К примеру, Филипп Вигель был уверен, что да, «с самого основания своего Петербург… представлял вавилонское столпотворение, являл в себе ужасное смешение языков, обычаев и нарядов. Но могущество народа, коего послушным усилиям он был обязан своим вынужденным, почти противоестественным существованием, более всего в нём выказывалось: русский дух не переставал в нём преобладать» [6. Т. 1. С. 240].
Всеволод Гаршин полагал: «…этот болотный, немецкий, чухонский, бюрократический, крамольнический, чужой город, — этот город. по моему скромному мнению — единственный русский город, способный быть настоящею духовною родиной. <…> Не в Москве фокус русской жизни или того общего, что есть в этой жизни, а в Петербурге. Дурное и хорошее собирается в него отовсюду, и — дерзкие скажу слова! — не иной город, а именно Петербург есть наиболее резкий представитель жизни русского народа.» [9. С. 441–442]. Фёдор Степун в романе «Переслегин» заявлял, что «Петербург более русский город, чем Москва…» [12. С. 64]. То же самое писал Николай Устрялов: «Петербург — подлинно русский город, несмотря на его интернациональную внешность и немецкое имя» [22. С. 397]. Наконец, Александр Бенуа считал, что «на самом же деле Петербург, несмотря на миссию, возложенную на него основателем, и на то направление, которое было дано им же его развитию, если и рос под руководством иностранных учителей, то всё же не изменял своему русскому происхождению. Это “окно в Европу" находилось всё же в том же доме, в котором жило всё русское племя, и это окно этот дом освещало» [3. Т. 1. С. 26].
Любопытно, что и те, кто называл Петербург совершенно русским, зачастую тоже ссылались на архитектурную специфику города.

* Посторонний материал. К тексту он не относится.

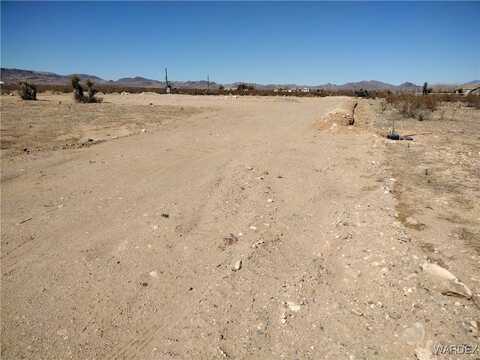 7543 W Shipp, Golden Valley, AZ 86413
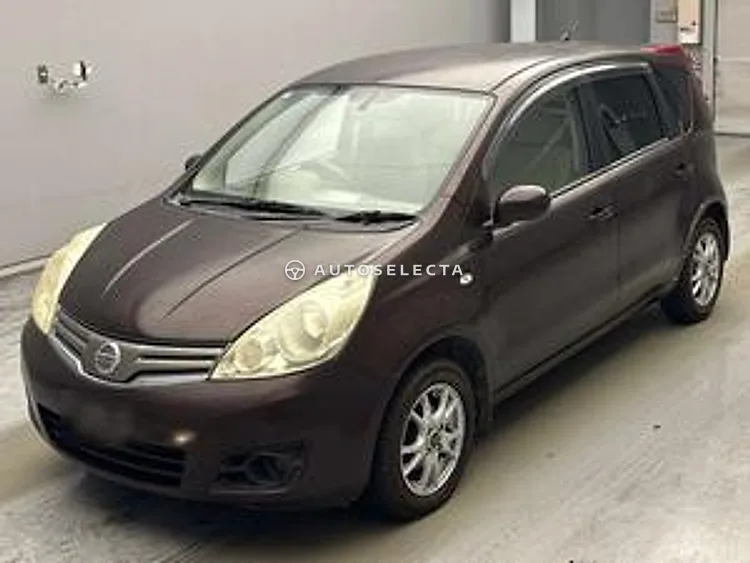 Nissan Note 2010, photo 1 of 1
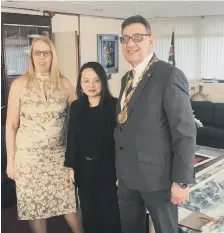  ??  ?? From left, Coun Diane Snowdon, Miss Jiang Yuxin and Coun David Snowdon.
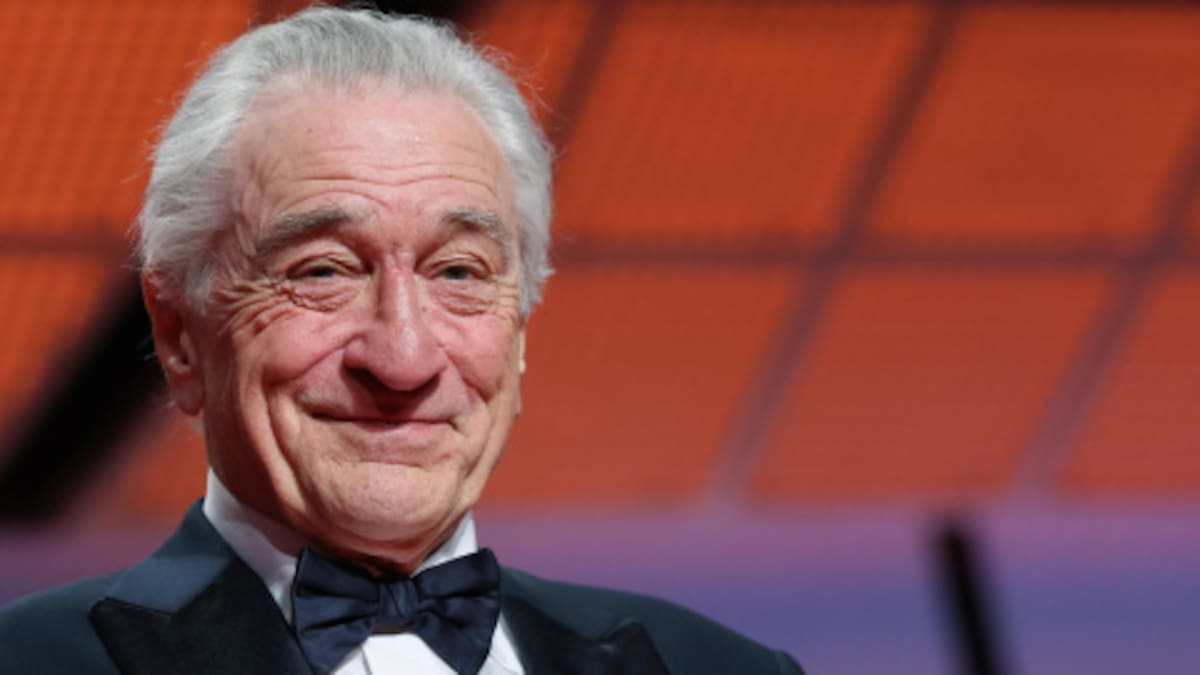 Robert De Niro desafía a Trump: lo llama “cobarde” y “trozo de mierda” en público.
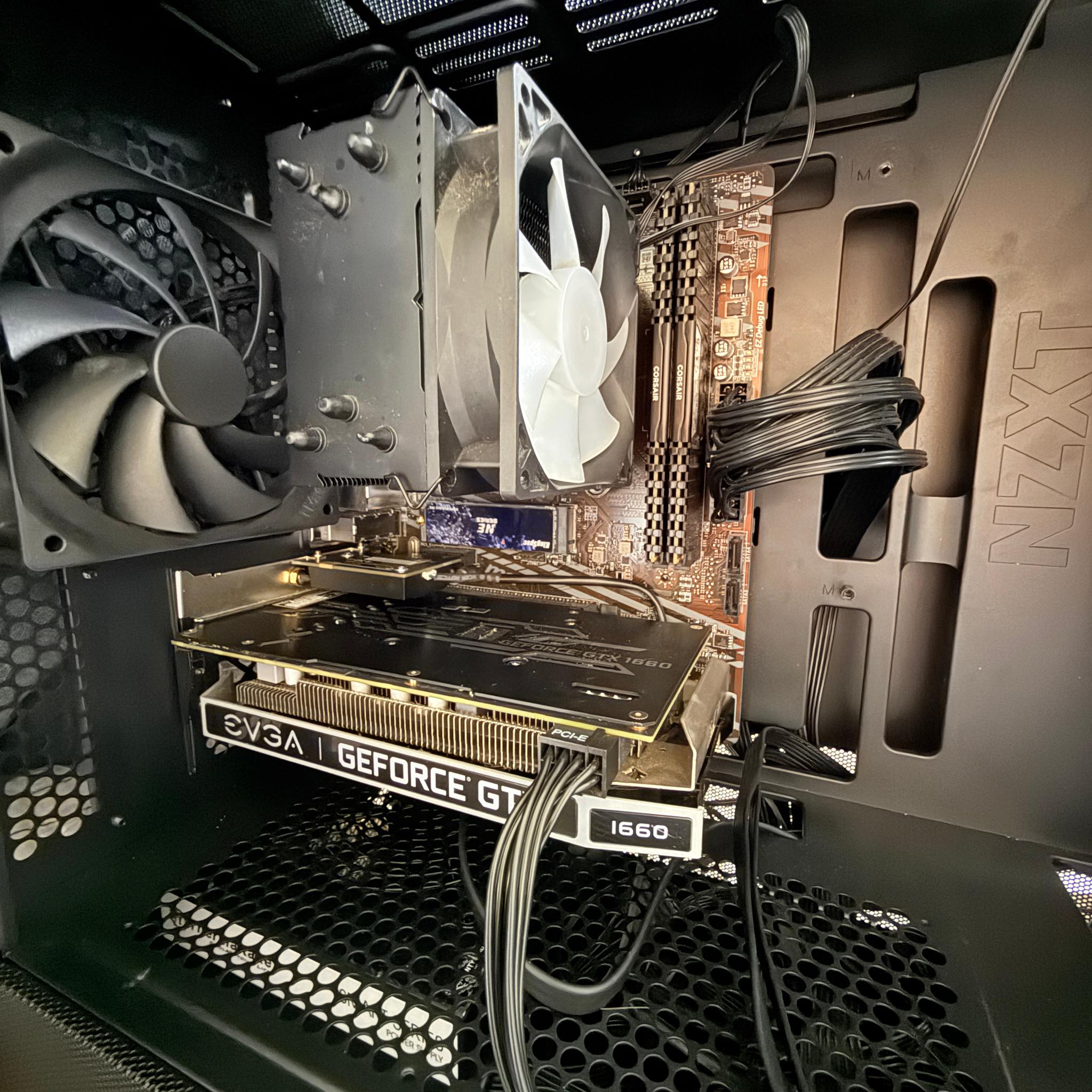 Gaming PC – GTX 1660 / Ryzen 5 3600X / 16GB RAM / 1TB SSD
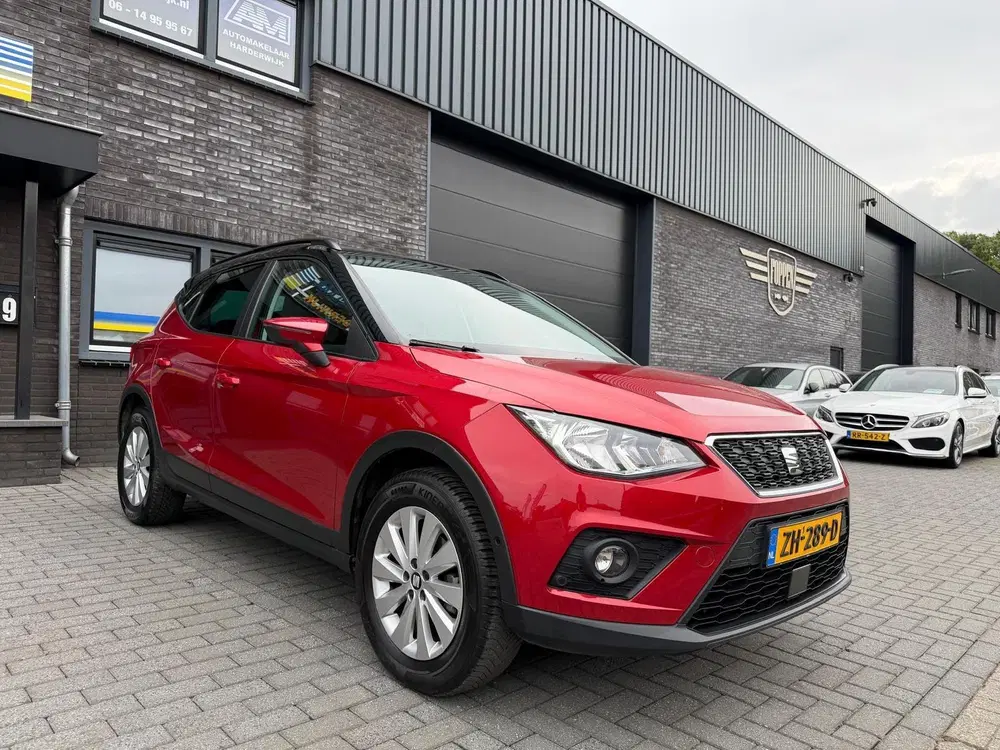 SEAT Arona 1.0 TSI Style Business Intense uit 2019, foto 3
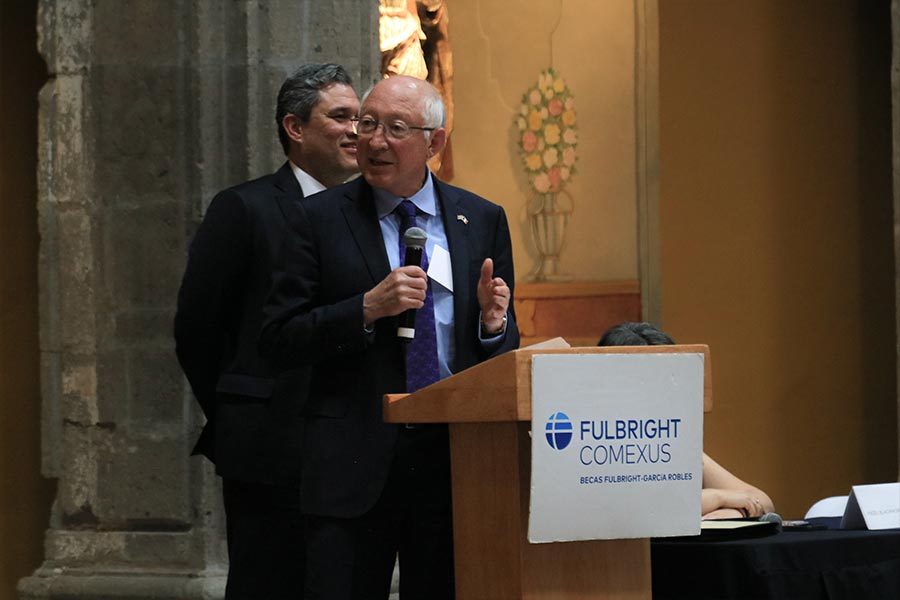 Ken Salazar en beca Fulbright García-Robles 2024. Foto: David León.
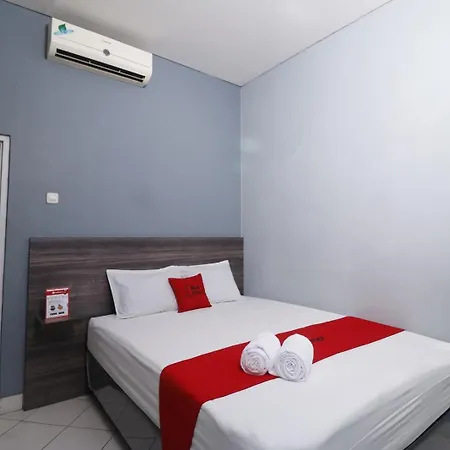 Reddoorz Plus Near Rs Harapan Kita-2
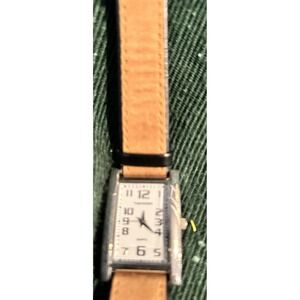 Vernier Analog‎ Quartz Women's Band Watch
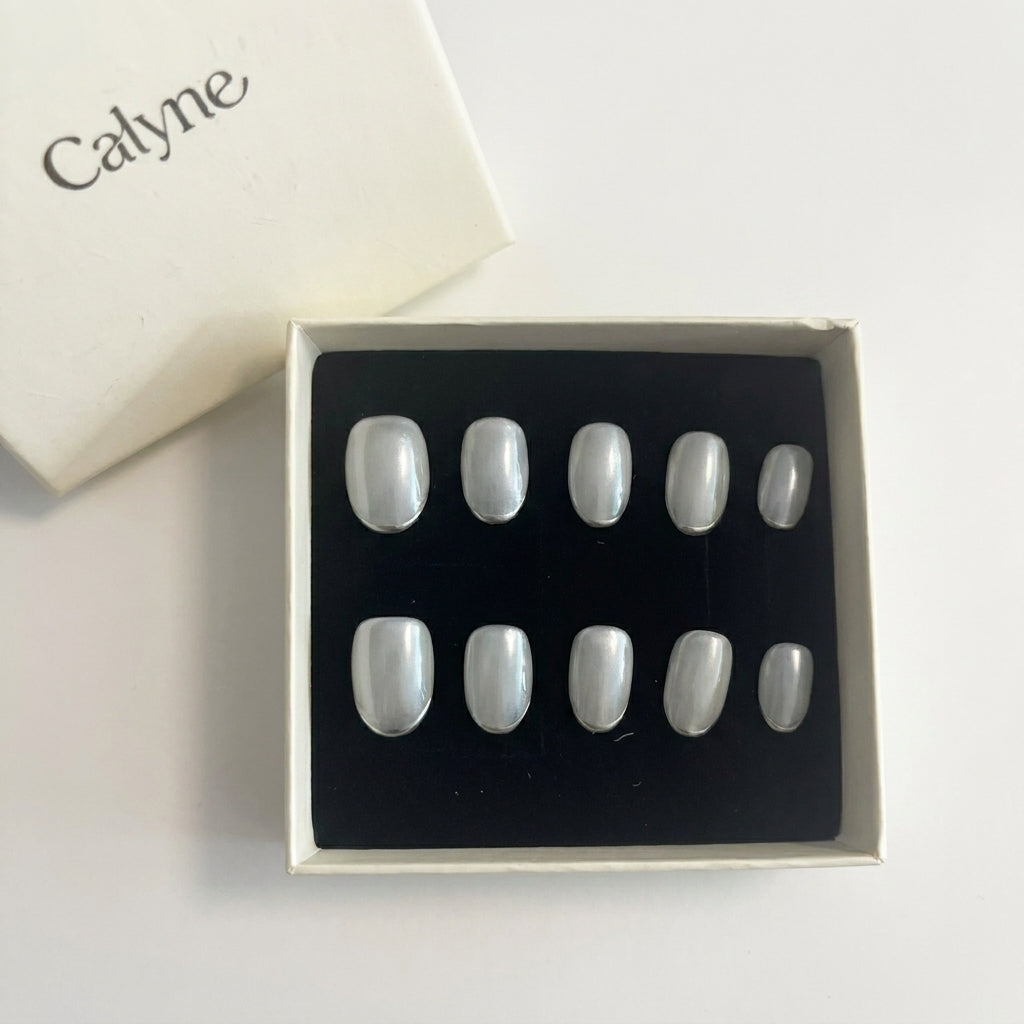 Glossy Pearl White Press-On Nails | Minimalist Cream Oval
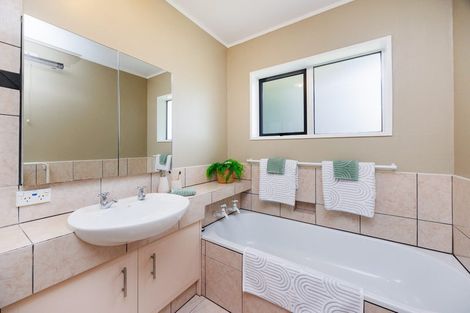 Photo of property in 8c Ihaka Street, Hokowhitu, Palmerston North, 4410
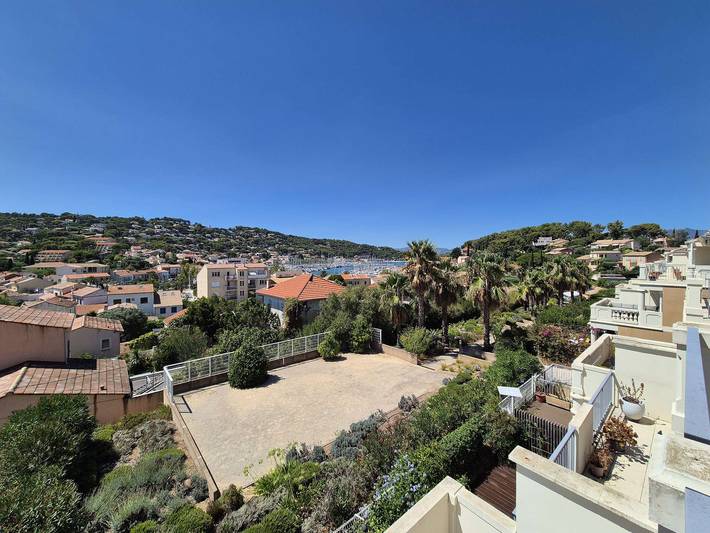 Apartamento vacacional entero, 2 bedrooms, sea view, air conditioning,all on foot in Saint-Mandrier-sur-Mer, Costa mediterránea (Francia)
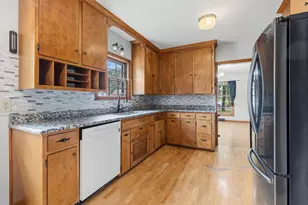 104 Spring St, Kenyon, MN 55946 - Photo 6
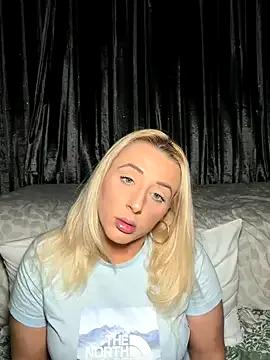 Strongqueen — Flash boobs in public pub toilet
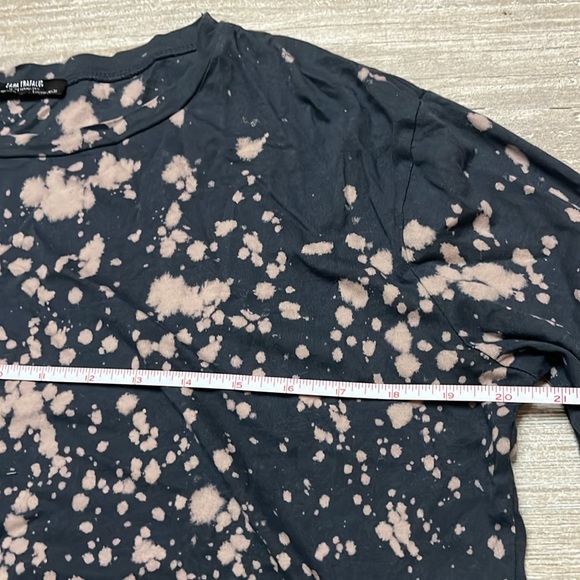 Zara bell sleeve top, L, gray and bleach - Picture 5 of 7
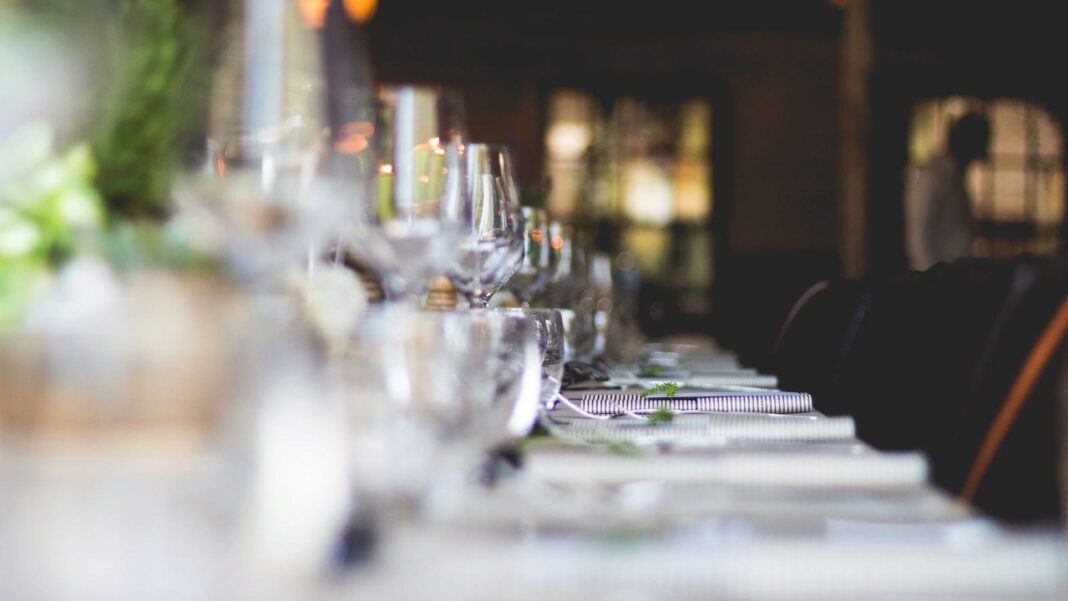 Discover Tiffin Glass: A Collector’s Treasure Trove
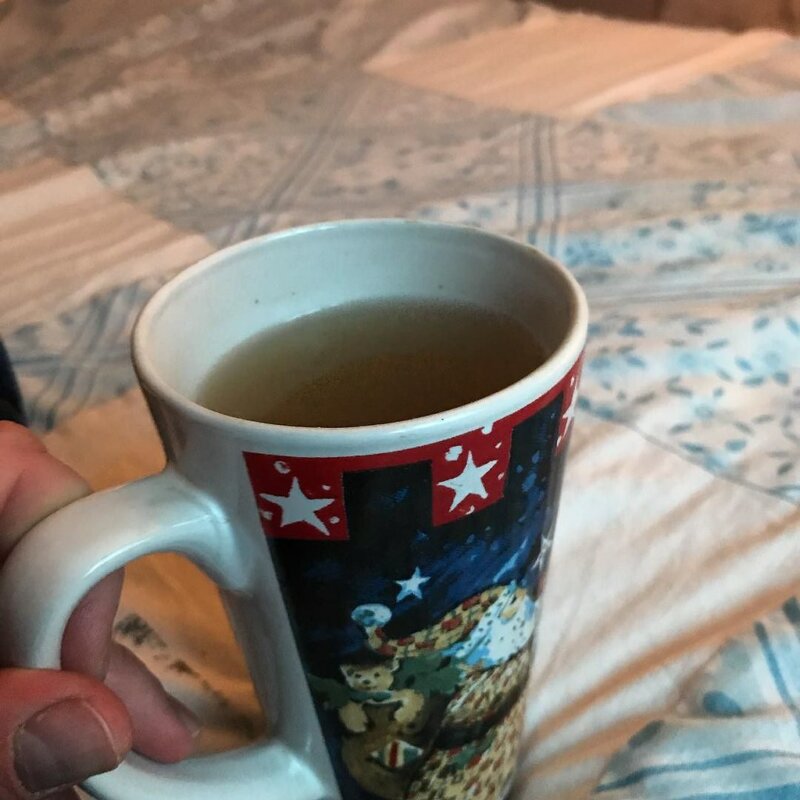 Infusion de gingembre au citron : une boisson sans sucre ajouté pour remplacer les sodas.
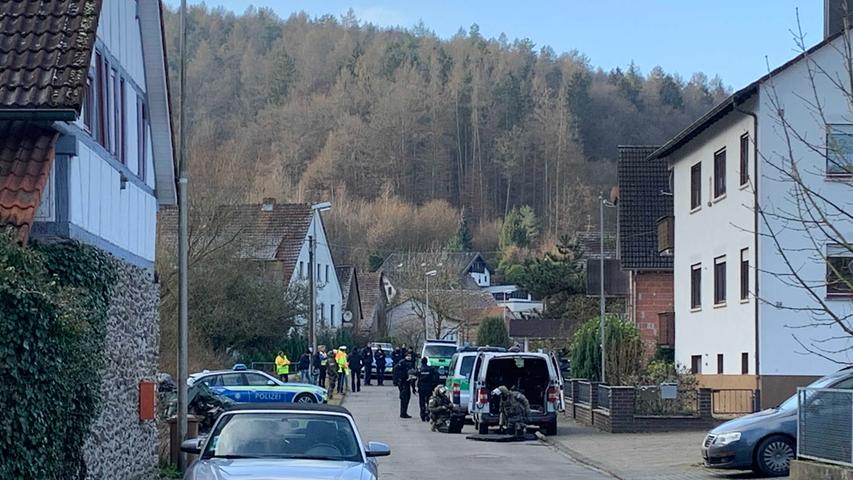 SEK-Einsatz in Franken: Mann bedroht Nachbarn mit Eisenstange 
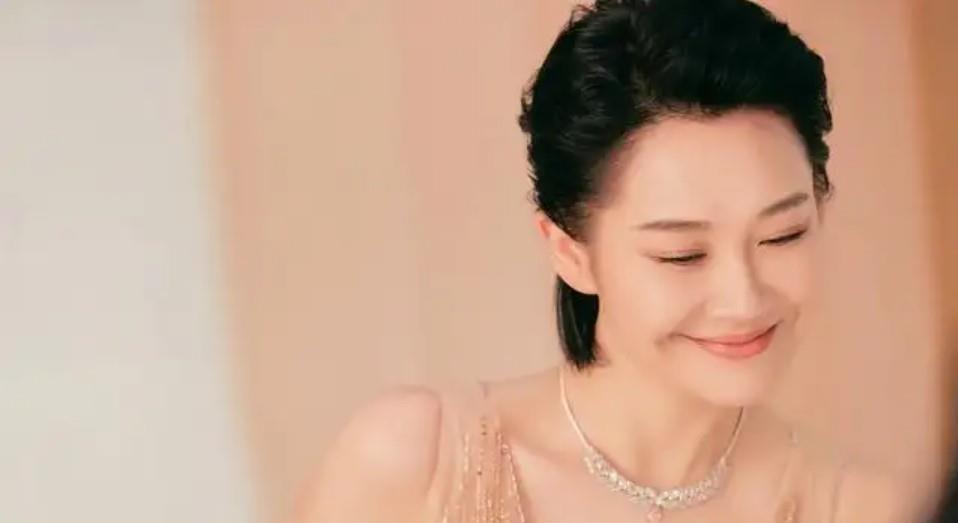 50岁女明星保养_明星最老的女明星_51岁女明星气质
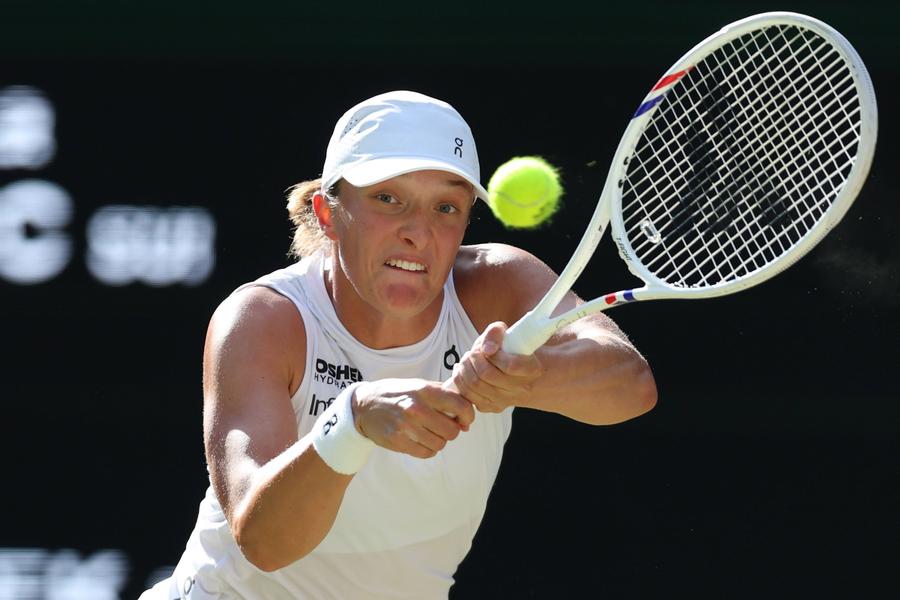 Iga Swiatek, în semifinala de astăzi contra Belindei Bencic. Foto: Imago Images Iga Swiatek, calificare în premieră în finala de la Wimbledon! A cedat doar două game-uri
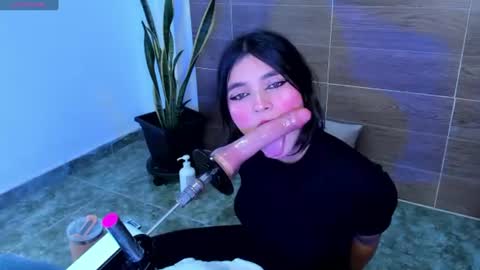 Violet Fiore online show from 31, 7, 2026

Например, тот же Александр Бенуа в статьях, опубликованных в первых номерах журнала «Мир искусства», утверждал: русская столица «ничем не напоминает “общеевропейский город”, поскольку даже занесённые с Запада архитектурные стили приобрели на русской почве особую завершённость и монументальность. Было где разгуляться талантам выдающихся зодчих, покорённых величием и планиметрией северной столицы, и они создавали именно “петербургское барокко”, именно “петербургский ампир”» [19. С. 39].